A Cora Rónai, que está de visita, deve ter ficado com mais essa boa impressão da cidade, além dos chefões das maiores empresas de Telecom do mundo, reunidos para a Futurecom (acho que é esse o nome) também em Florianópolis.
O trânsito ficou uma loucura, segundo o relato do seu Cesar. Motoristas na preferencial ignoram os coitados que tentam entrar nas avenidas. O novíssimo túnel do Saco dos Limões teve seu primeiro engarrafamento, e os motoristas desacostumados esqueceram de desligar seus motores, fazendo muitos passarem mal com o dióxido de carbono.
Parece que até o meio dia de amanhã tudo volta ao normal, inclusive este blog, mas enquanto isso vai se esgotando o estoque de velas e o repertório de jogos de baralho e sombras na parede.
Ainda bem que os telefones convencionais não dependem de eletricidade (parece que os celulares tavam com problema), assim podemos ter esse relato em primeira mão (meio atrasado, é verdade) do acontecido.
Logo o titular do blog voltará a postar. Enquanto isso fiquem atentos ao noticiário.
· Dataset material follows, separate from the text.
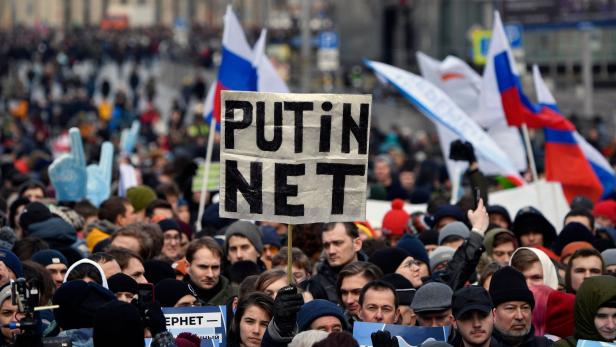 TOPSHOT-RUSSIA-POLITICS-INTERNET-DEMO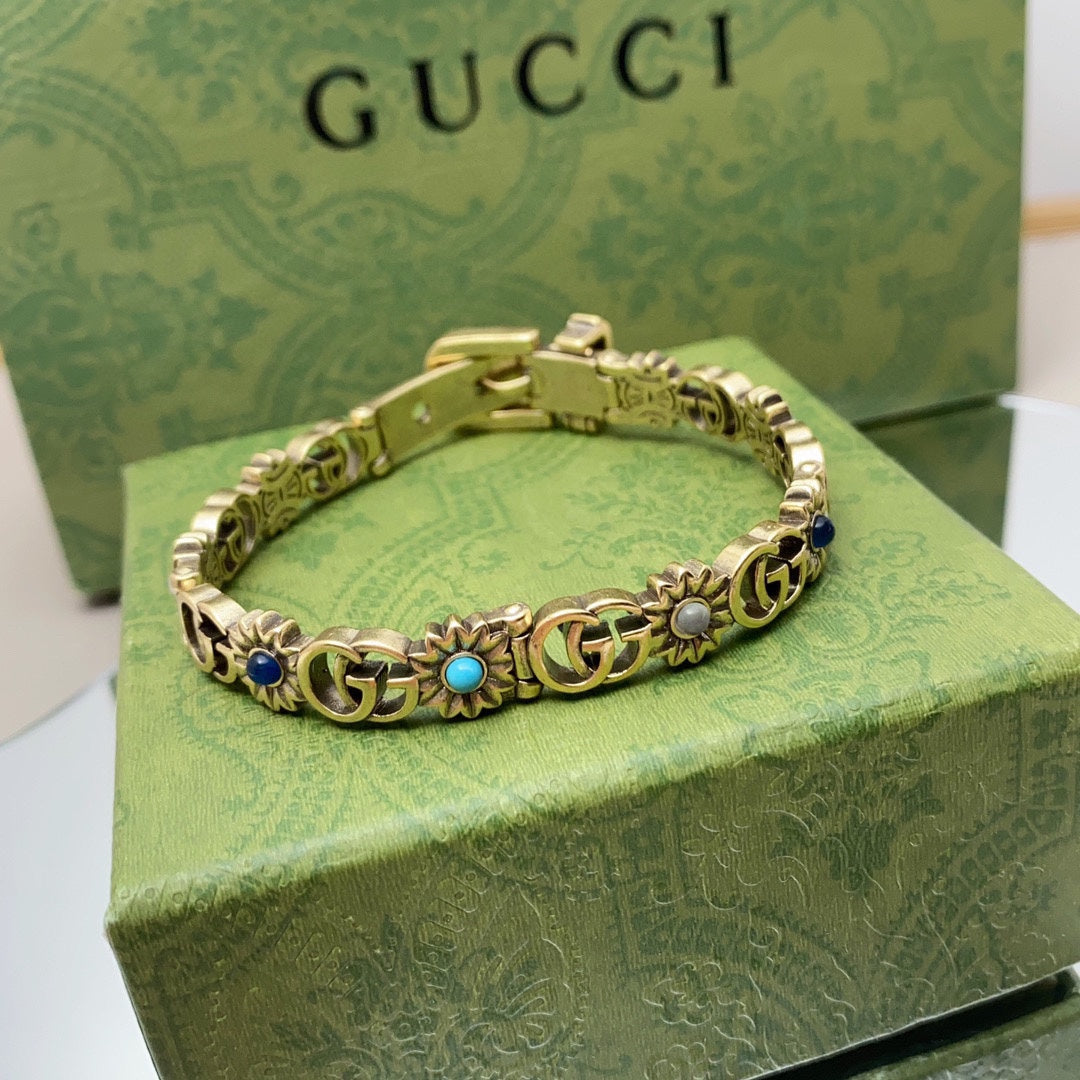 Gucci Double Flowers 18K Gold Bracelet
ALIVE! I'M ALIVE! (31/10/2003 às 13:48)
Acabou de voltar a luz aqui em casa, depois de exatas 48 horas de apagão. Assim que tomar pé, tomar banho, jogar fora o que estava no freezer, tirar a água do porão, ler o que está nos blogs amigos, volto para por no ar a programação normal. Até já.
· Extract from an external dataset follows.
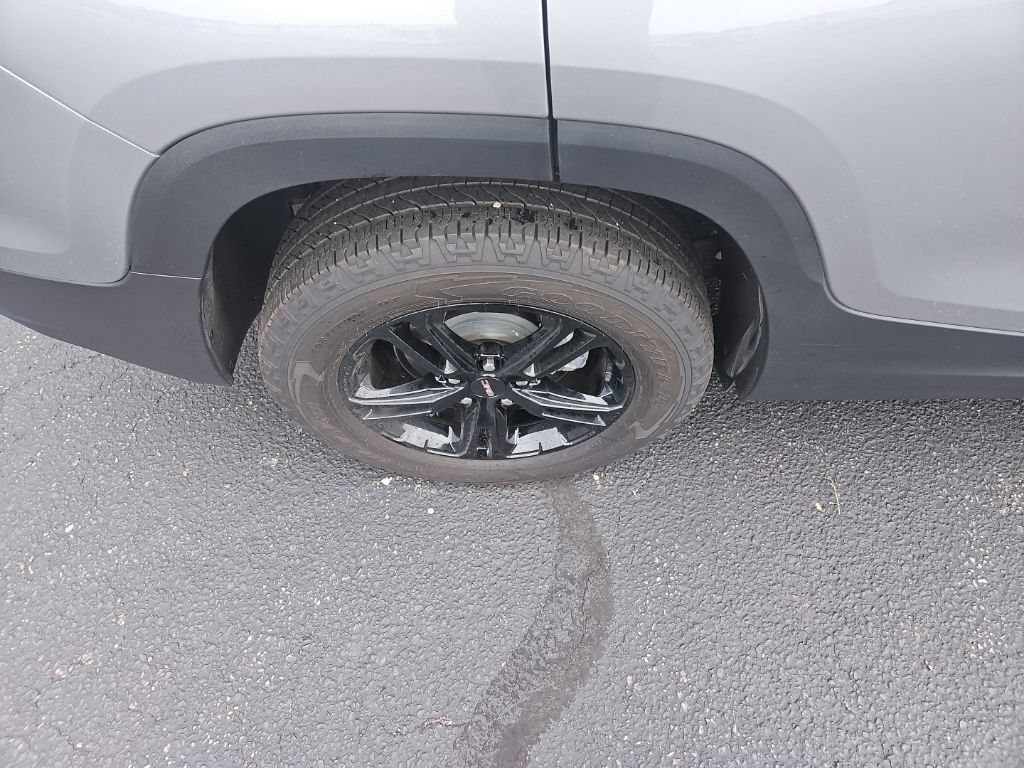 Used 2023 GMC Terrain AT4 w/ LPO, Floor Liner Package AWD/4WD image 10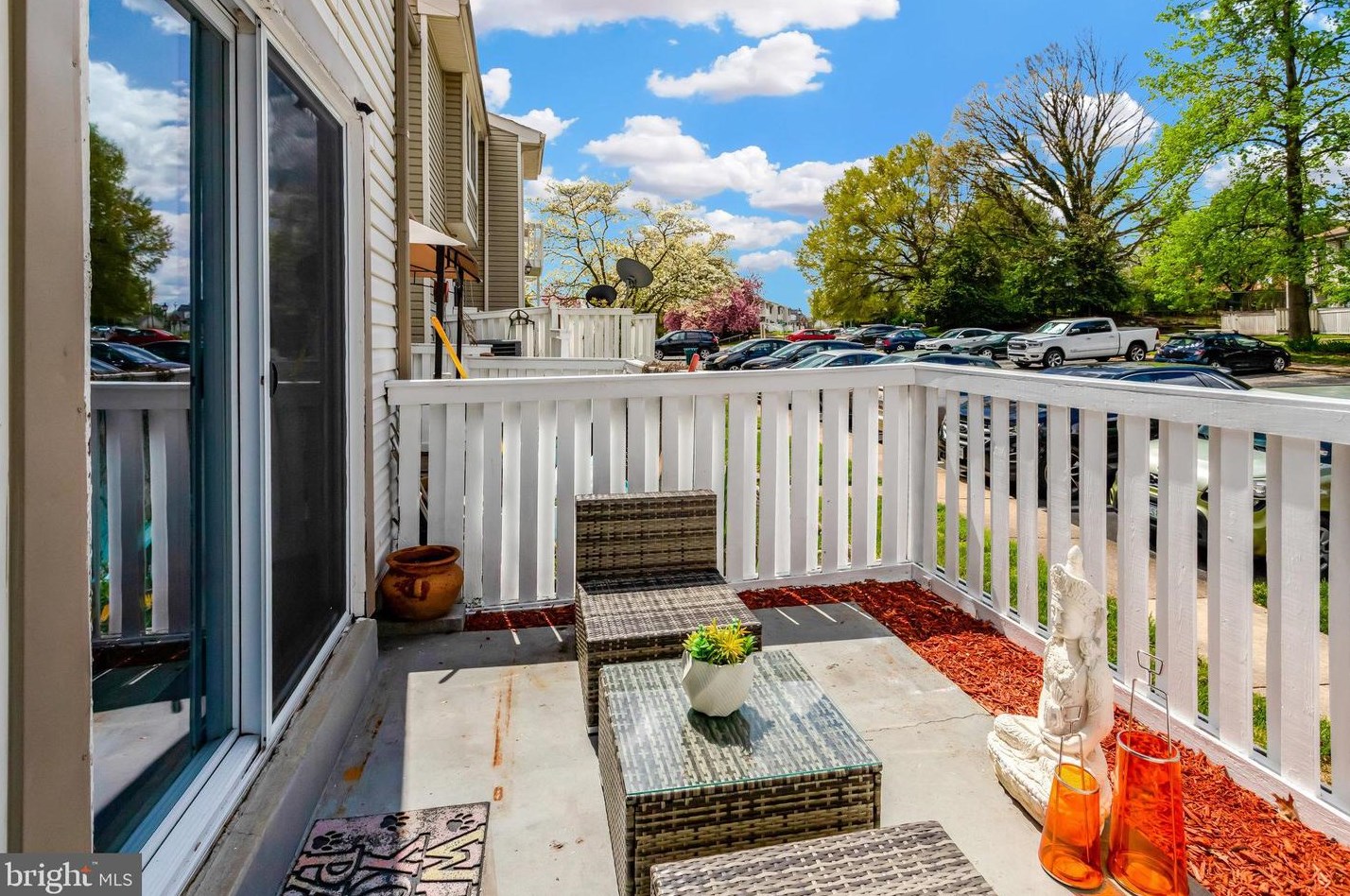 12767 Cara Dr, Woodbridge VA  22192-2734 exterior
Assim que resolver um pequeno problema de conexão entre o meu "electricity independent text processor" (Smith-Corona, na foto) e o computador, começo a postar algumas partes da lenga-lenga que escrevi à luz de velas.
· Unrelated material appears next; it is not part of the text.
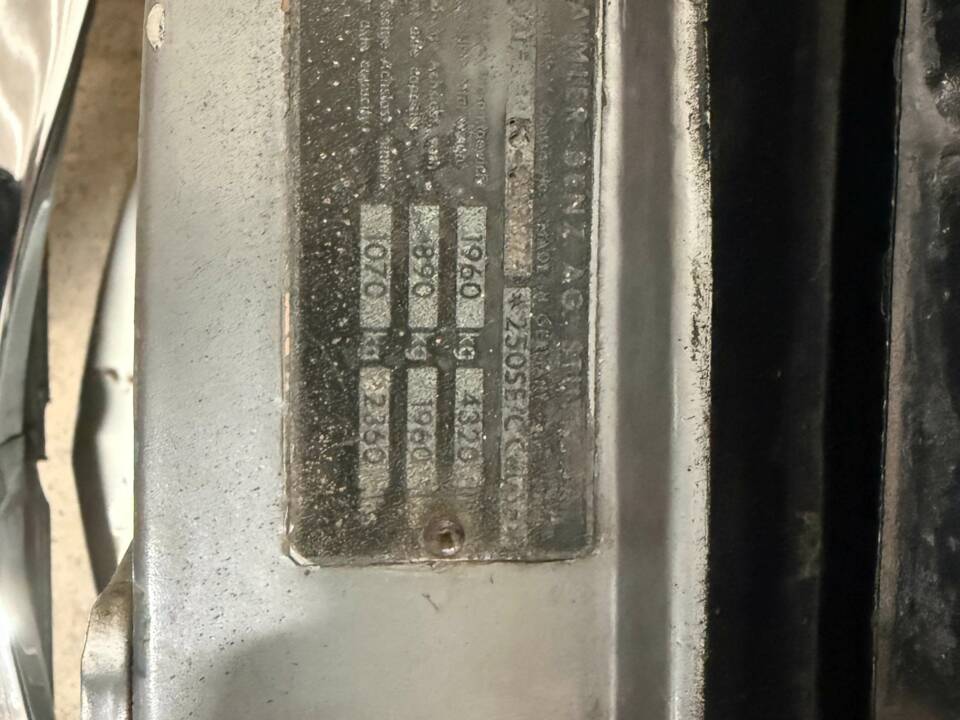 Image 6/18 of Mercedes-Benz 250 SE (1967)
NINGUÉM MERECE (31/10/2003 às 14:59)
Ficar 48 horas sem luz porque um avião bateu na ponte, ou porque um caminhão de dinamite esbarrou num fusca mal estacionado e explodiu, até pode ser chato, mas tem seu charme. Só que ficar 48 horas sem luz porque alguém, da concessionária de energia elétrica, fez alguma coisa errada com um maçarico durante uma manutenção de rotina, é muito chato. Só.
Chato porque a gente descobre que muitos anos depois de terem construído a segunda ponte de concreto, as duas únicas linhas de transmissão ligando o continente à ilha continuam passando, juntinhas, na mesma galeria da mesma ponte. Ou seja, a linha que poderia servir de alternativa estava ali, no mesmo local do acidente. Que, é lógico, queimou as duas.
O que foi feito depois, aí sim, foi um trabalho de gigantes. Em poucas horas bolaram uma forma criativa de estender uma linha que trouxesse a energia, cruzando o braço de mar. Em menos de 48 horas foram fincados 50 postes, daqueles grandões de alta tensão, capazes de suportar três fases, lançados mais de 5 mil metros de fios, solucionado um problema complicado de engenharia para fixar a linha embaixo de uma das pontes (os caras trabalharam pendurados em guindastes, dezenas de metros acima dágua).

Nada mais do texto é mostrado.